§ **Recorded information**
* * *

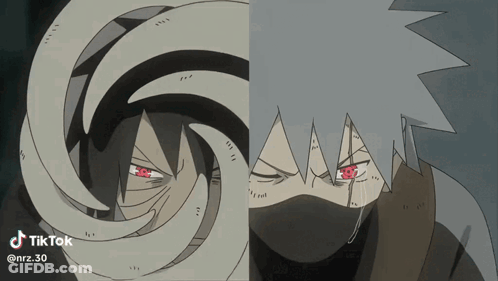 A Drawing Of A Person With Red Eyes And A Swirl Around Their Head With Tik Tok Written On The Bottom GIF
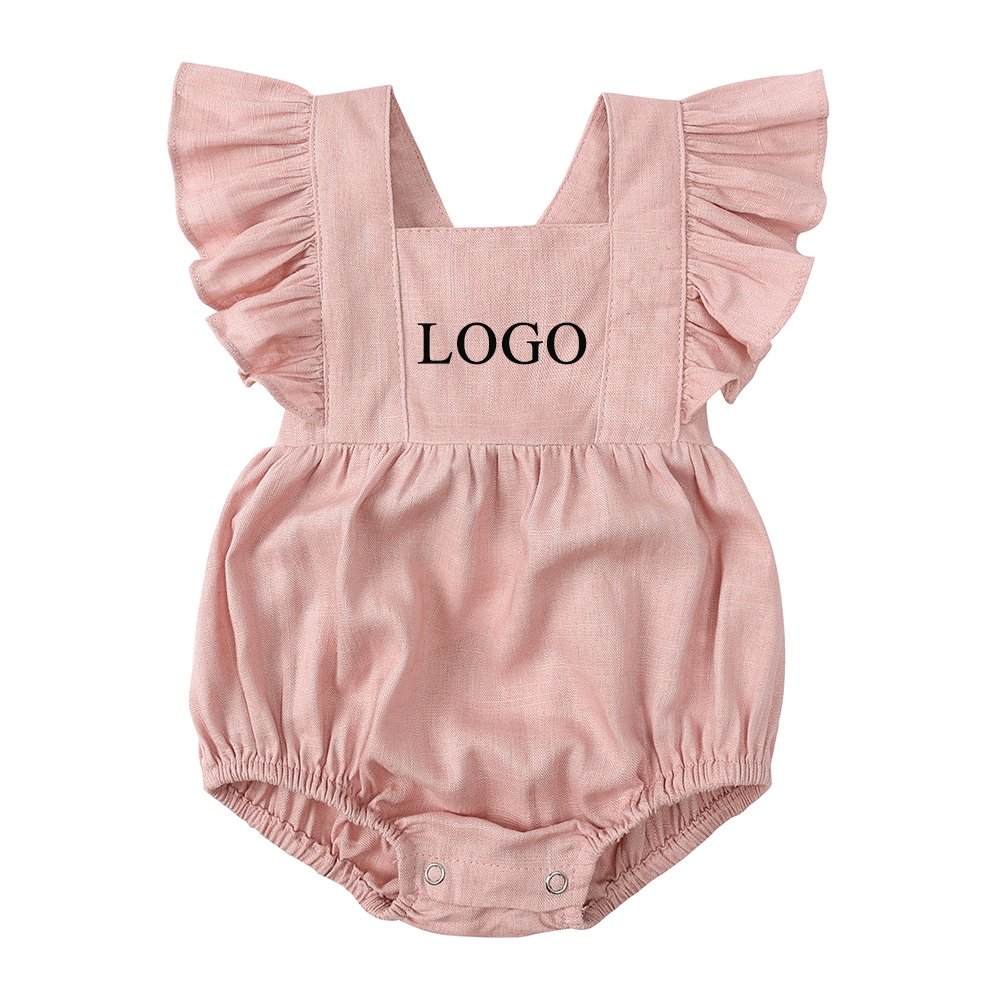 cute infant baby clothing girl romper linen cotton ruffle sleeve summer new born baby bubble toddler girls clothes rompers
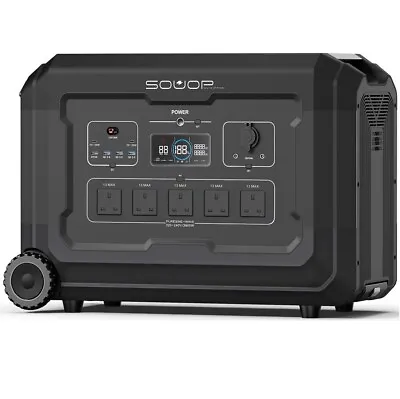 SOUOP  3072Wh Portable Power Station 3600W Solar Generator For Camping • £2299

* * *

§ **Task prompt**
Return the listing above in an exact copy that leaves out the images.

§ **Exercise result**
 A Drawing Of A Person With Red Eyes And A Swirl Around Their Head With Tik Tok Written On The Bottom GIF
 cute infant baby clothing girl romper linen cotton ruffle sleeve summer new born baby bubble toddler girls clothes rompers
 SOUOP  3072Wh Portable Power Station 3600W Solar Generator For Camping • £2299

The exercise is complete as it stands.